**What is expected:** Could you output the entries that follow exactly, omitting any pictures they contain?

[Opening Records to process section]

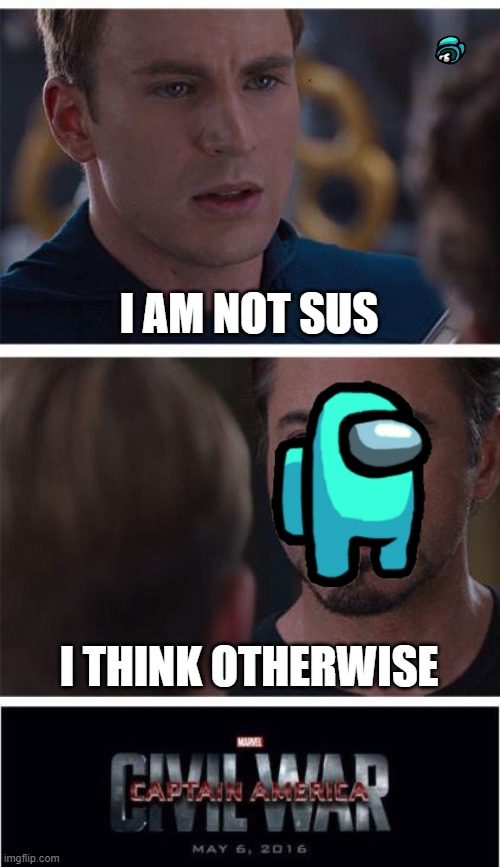 Among us Avengers |  I AM NOT SUS; I THINK OTHERWISE | image tagged in memes,marvel civil war 1 | made w/ Imgflip meme maker
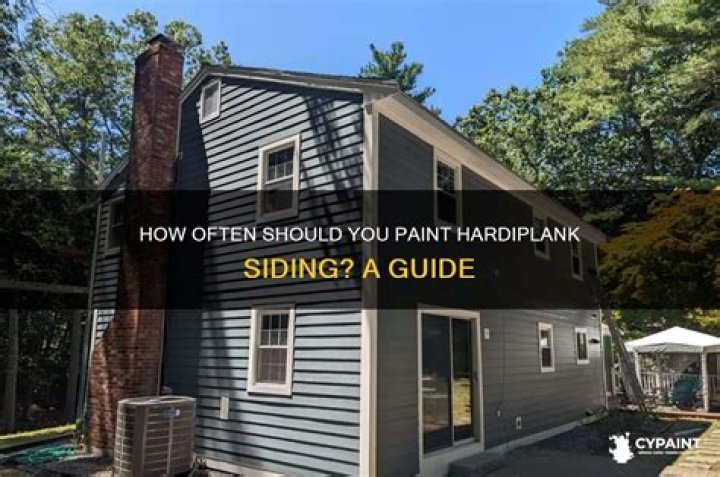 How often do you paint hardiplank?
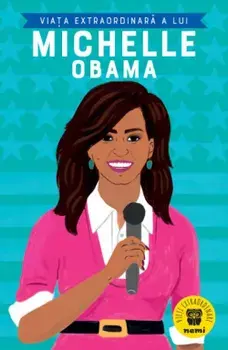 Viata extraordinara a lui Michelle Obama/Sheila Kanani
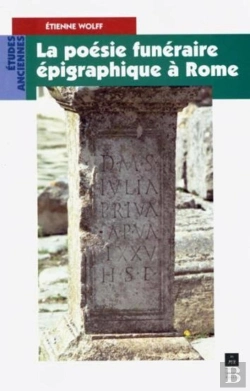 Bertrand.pt - La Poésie Funéraire Épigraphique À Rome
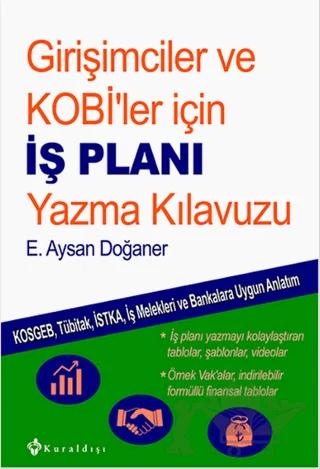 Girişimciler ve Kobi'ler İçin İş Planı Yazma Kılavuzu
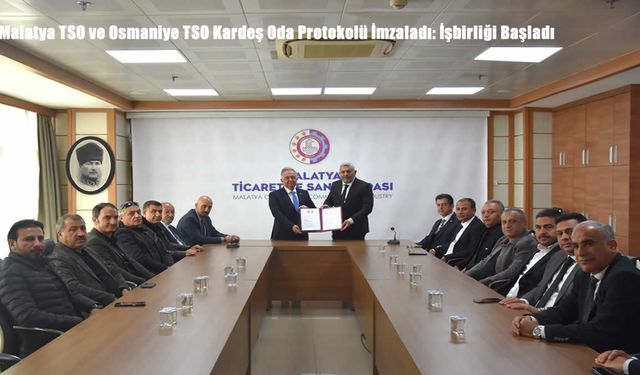 Malatya TSO ve Osmaniye TSO Kardeş Oda Protokolü İmzaladı: İşbirliği Başladı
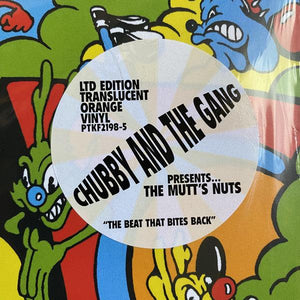 Chubby & The Gang - The Mutt's Nuts (Orange, Translucent) 2021 - Quarantunes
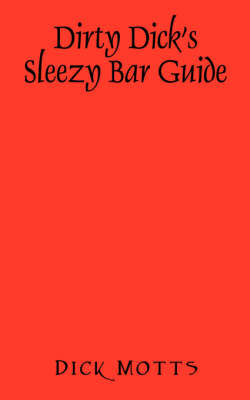 Dirty Dick's Sleezy Bar Guide (Paperback)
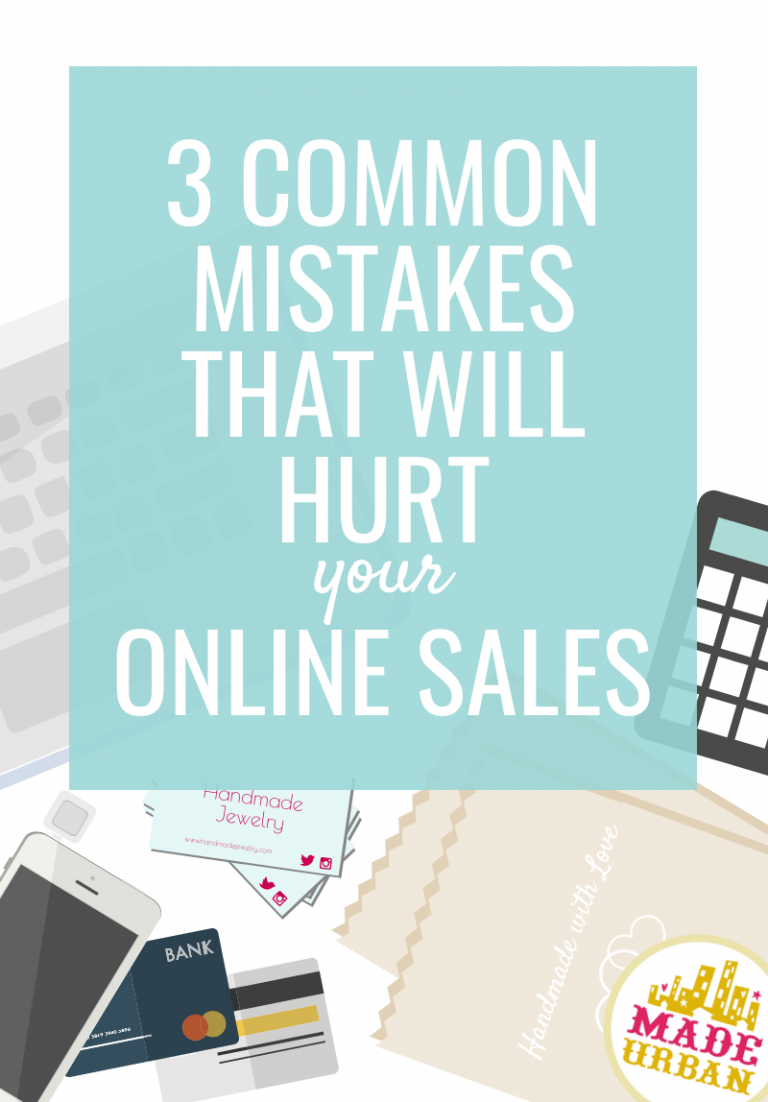 3 Common Mistakes when Selling Handmade Online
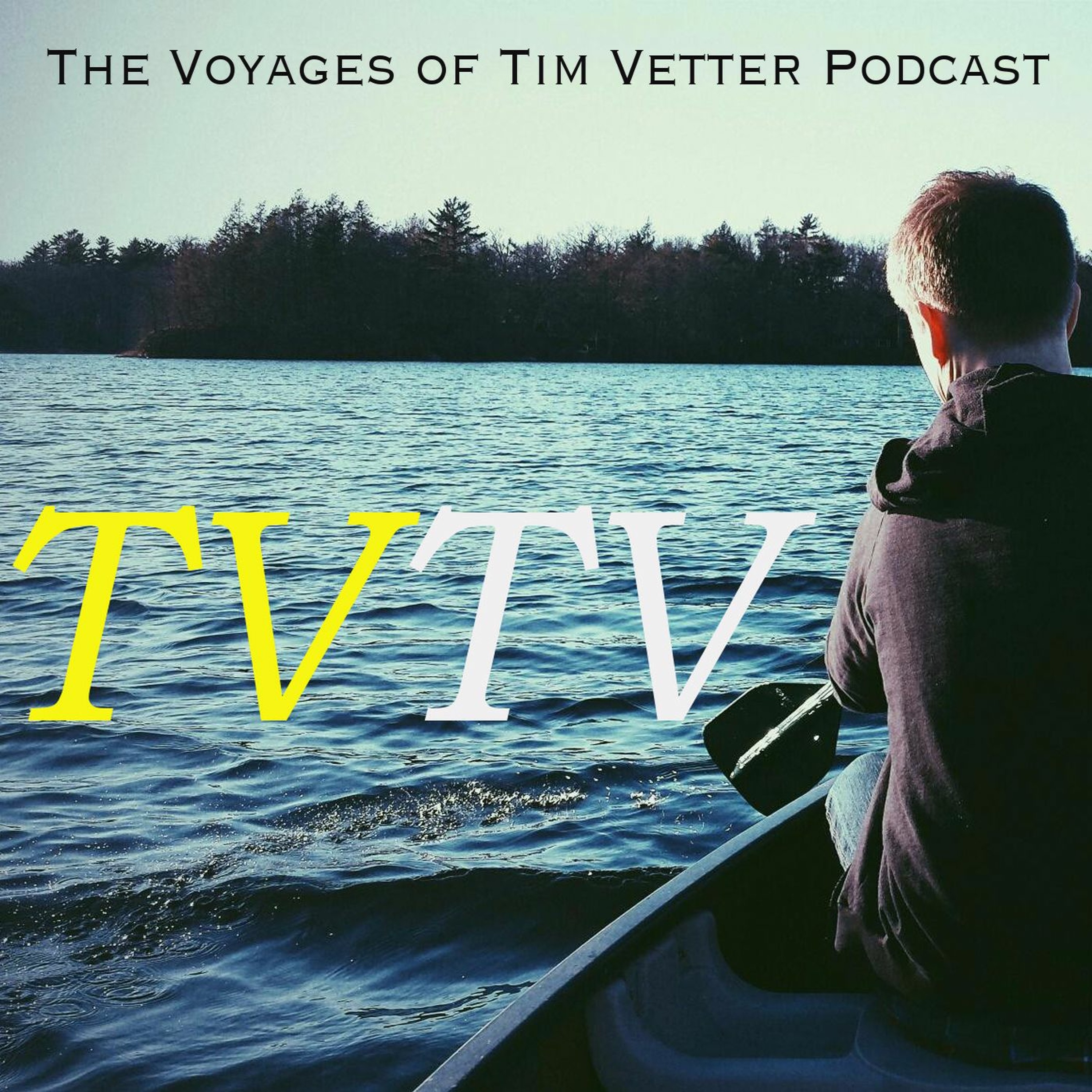 The Voyages of Tim Vetter
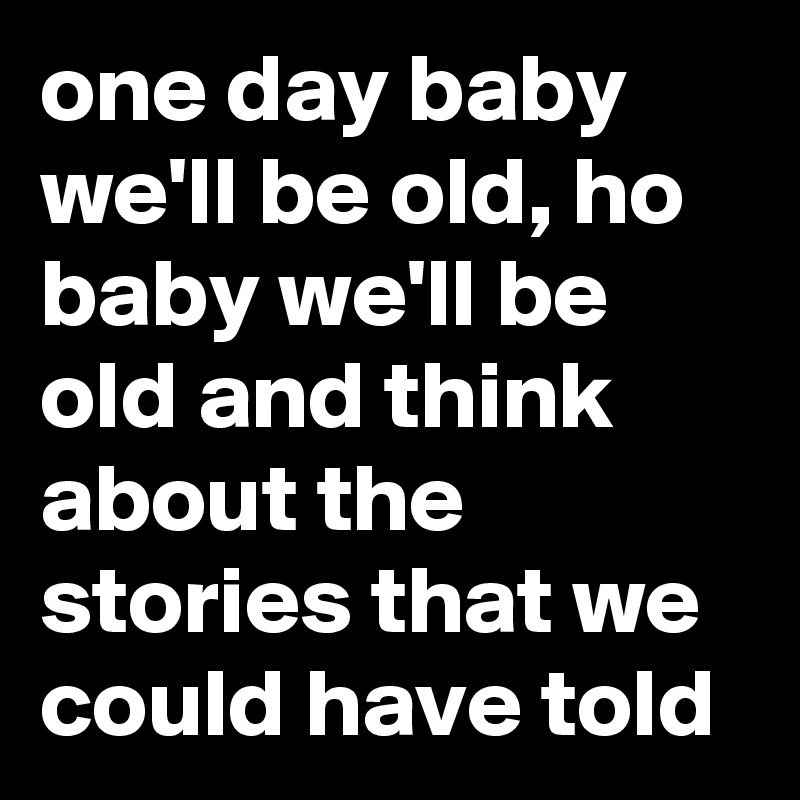 one day baby we'll be old, ho baby we'll be old and think about the stories that we could have told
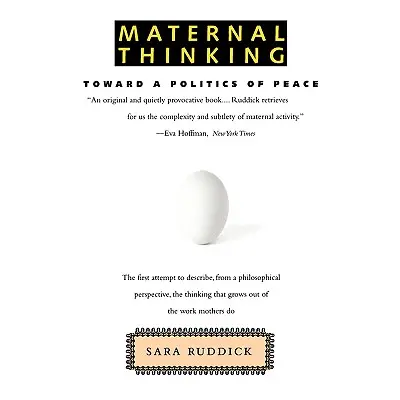 "Maternal Thinking: Toward a Politics of Peace" - "" ("Ruddick Sara")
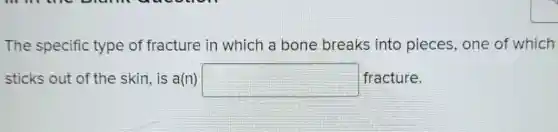 The specific type of fracture in which a bone breaks into pieces, one of which
sticks out of th e skin, is a(n) square  fracture.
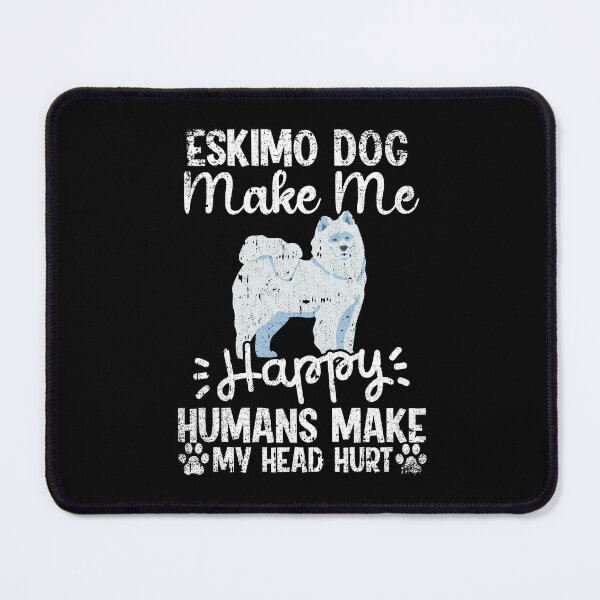 Item preview, Eskimo Dog Make Me Happy Humans Make My Head Hurt Funny Humorous Dog Lovers designed and sold by CosmoKitsch.
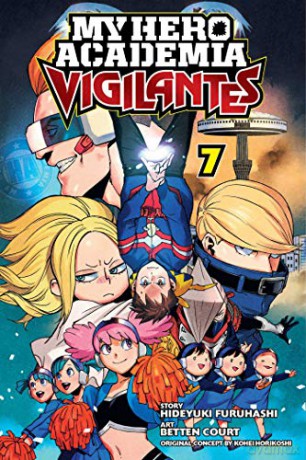 My Hero Academia: Vigilantes Vol 7: Volume 7 - Hideyuki Furuhashi [KSIĄŻKA]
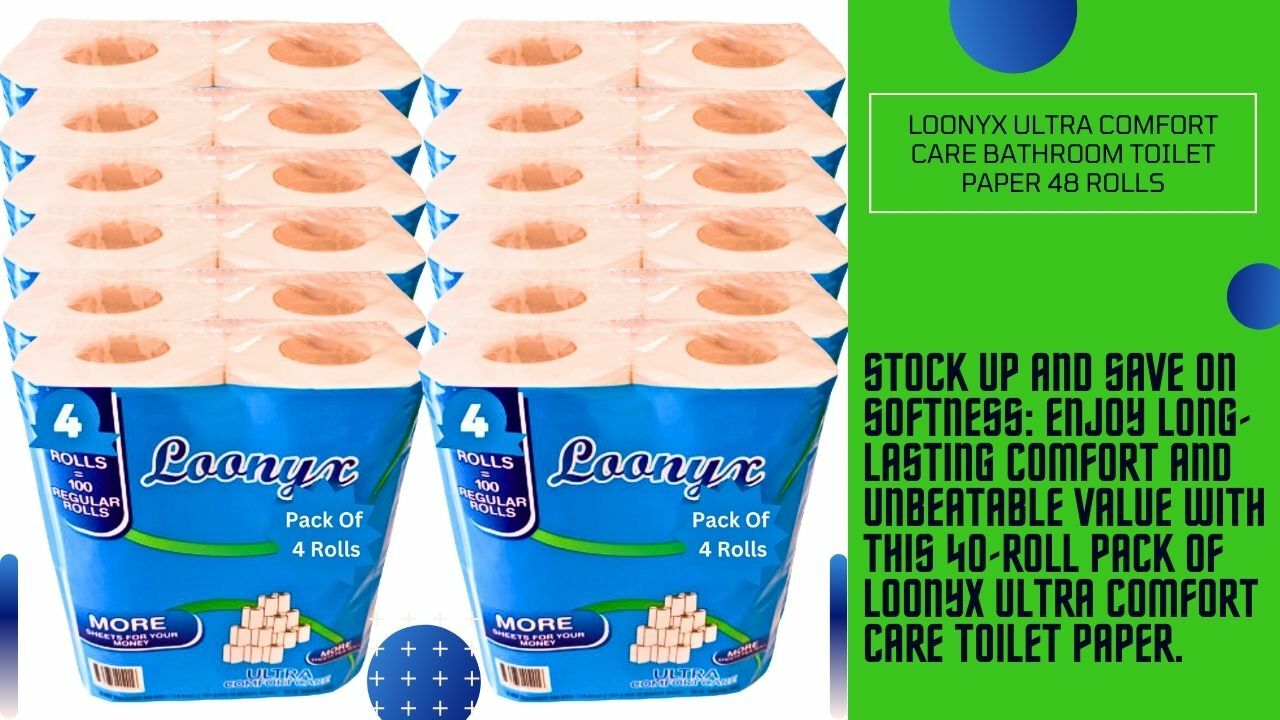 Loonyx Ultra Comfort Care Bathroom Toilet Tissue 48 Rolls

[Closing Records to process section]

**Result:**
 Among us Avengers |  I AM NOT SUS; I THINK OTHERWISE | image tagged in memes,marvel civil war 1 | made w/ Imgflip meme maker
 How often do you paint hardiplank?
 Viata extraordinara a lui Michelle Obama/Sheila Kanani
 Bertrand.pt - La Poésie Funéraire Épigraphique À Rome
 Girişimciler ve Kobi'ler İçin İş Planı Yazma Kılavuzu
 Malatya TSO ve Osmaniye TSO Kardeş Oda Protokolü İmzaladı: İşbirliği Başladı
 Chubby & The Gang - The Mutt's Nuts (Orange, Translucent) 2021 - Quarantunes
 Dirty Dick's Sleezy Bar Guide (Paperback)
 3 Common Mistakes when Selling Handmade Online
 The Voyages of Tim Vetter
 one day baby we'll be old, ho baby we'll be old and think about the stories that we could have told
 "Maternal Thinking: Toward a Politics of Peace" - "" ("Ruddick Sara")
 The specific type of fracture in which a bone breaks into pieces, one of which
sticks out of th e skin, is a(n) square  fracture.
 Item preview, Eskimo Dog Make Me Happy Humans Make My Head Hurt Funny Humorous Dog Lovers designed and sold by CosmoKitsch.
 My Hero Academia: Vigilantes Vol 7: Volume 7 - Hideyuki Furuhashi [KSIĄŻKA]
 Loonyx Ultra Comfort Care Bathroom Toilet Tissue 48 Rolls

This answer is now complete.